In March 2020, as COVID-19 was declared a pandemic and efforts were made to reduce face-to-face consultations with patients, NHS England (2020) devised a rapid plan to switch patients who had previously had a blood clot and were on warfarin therapy to a direct oral anticoagulant (DOAC).
The goal of warfarin—a vitamin K antagonist and the most widely prescribed anticoagulant therapy—is to prevent blood clotting. It does this by delivering the lowest effective dose of anticoagulant to maintain the target international normalised ratio (INR). This measures how long it takes a person's blood to clot. Warfarin thins the blood to prevent blood clots, but not so much that bleeding risk increases. Trying to get this delicate balance right requires regular INR monitoring—a tall order for overextended healthcare resources during a pandemic.
Like most decisions made during the COVID-19 pandemic, the decision to switch as many patients on warfarin therapy as possible to a DOAC to reduce INR blood testing frequency while still keeping patients safe, was made quickly. It made sense, but without the time to consider all aspects or potential consequences, it was not without its challenges. There were many aspects to be weighed and considered in switching patients' anticoagulant therapy.
For example, a small (but, according to Curtis et al (2021), ‘substantial’) number of patients who were switched to a DOAC also continued on warfarin therapy (Robinson, 2021). Subsequently, a national safety alert was issued, as well as guidance to health professionals, to ensure that any patients being switched over stop their warfarin treatment prior to starting on a DOAC, in order to reduce any risk of over-anticoagulation and bleeding (Curtis et al, 2021; Medicines and Healthcare products Regulatory Agency (MHRA), 2020a; Robinson, 2021).

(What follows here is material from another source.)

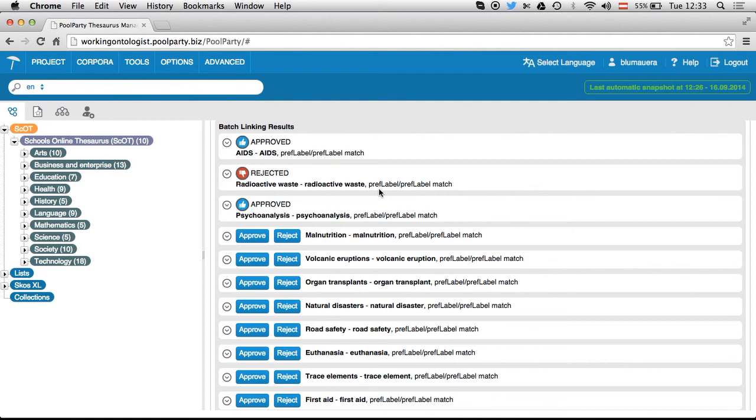So I think mappings between taxonomies are really powerful extensions of what's been offered by a traditional taxonomy tool.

Curtis et al (2021) carried out a cohort study, making use of routine clinical data from 24 million patients in England. Between March and May 2020, 12% of patients (20000 of 164000) on warfarin therapy were switched to a DOAC, with the most common being edoxaban and apixaban (Curtis et al, 2021). A sharp rise in inappropriate coprescribing of warfarin and DOACs was observed in April 2020 (from 50–100 to 246 instances per month) (Curtis et al, 2021). INR testing fell by 14%, and a very small increase in elevated INR was noted during April 2020 when compared with January 2020 (Curtis et al, 2021). Certain factors were found by Curtis et al (2021) to be associated with patients switching from warfarin to DOACs in response to national guidance at the pandemic's outset, including older age, a higher number of recent INR tests, a diagnosis of atrial fibrillation, normal renal function and care home residency.
DOACs, like warfarin, can have interactions with other medications, which is also worth consideration (MHRA, 2020b). For many patients, such as those with a prosthetic mechanical valve, those who are pregnant or breastfeeding, or those who have moderate-to-severe mitral stenosis, a DOAC is not an appropriate option (NHS England, 2020). For those who are deemed suitable for a switch, a phased approach is recommended over the 12-week INR monitoring cycle in order to avoid affecting the supply chain for other patients (National Institute for Health and Care Excellence (NICE), 2020).
Interestingly, and importantly, patients on anticoagulant therapy who have had changes made to their treatment have reported feeling excluded from decision-making around their therapy (Pharmaceutical Journal, 2020). While it is acknowledged that the pandemic required emergency decision-making in the interest of public health and safety, this patient concern is still worthy of consideration.
Researchers from the Canadian city of Vancouver, British Columbia, analysed telephone interview notes from 388 patients with atrial fibrillation, who were contacted every 3 months for a 2-year period. Of these, 56 patients had undergone a change to their therapy, such as a switch or discontinuation. These patients not only had limited knowledge about their anticoagulant therapy, they also had a generally negative attitude towards taking medicines. The researchers highlighted that these experiences appeared to affect these patients' adherence to their anticoagulant therapy and their perceptions of their care provider, as well as the healthcare system overall (Pharmaceutical Journal, 2020; Salmasi et al, 2020).
Patients on warfarin or any other vitamin-K antagonist require regular blood testing, which may be particularly frequent at the beginning of treatment as adjustments are made to ensure the correct dosage. However, another instance in which testing becomes especially important is when patients display symptoms of COVID-19 (for example, high temperature, a new continuous cough, loss of sense of smell or taste) or who have tested positive for the virus (MHRA, 2020b). To reduce any risk of overcoagulating and bleeding, patients displaying symptoms of COVID-19 must be identified as soon as possible and receive the appropriate care early on (MHRA, 2020b). Furthermore, it must be highlighted that patients who test positive for COVID-19 may be prescribed antibiotics or antivirals, which may interact with warfarin or other vitamin-K antagonists (MHRA, 2020a).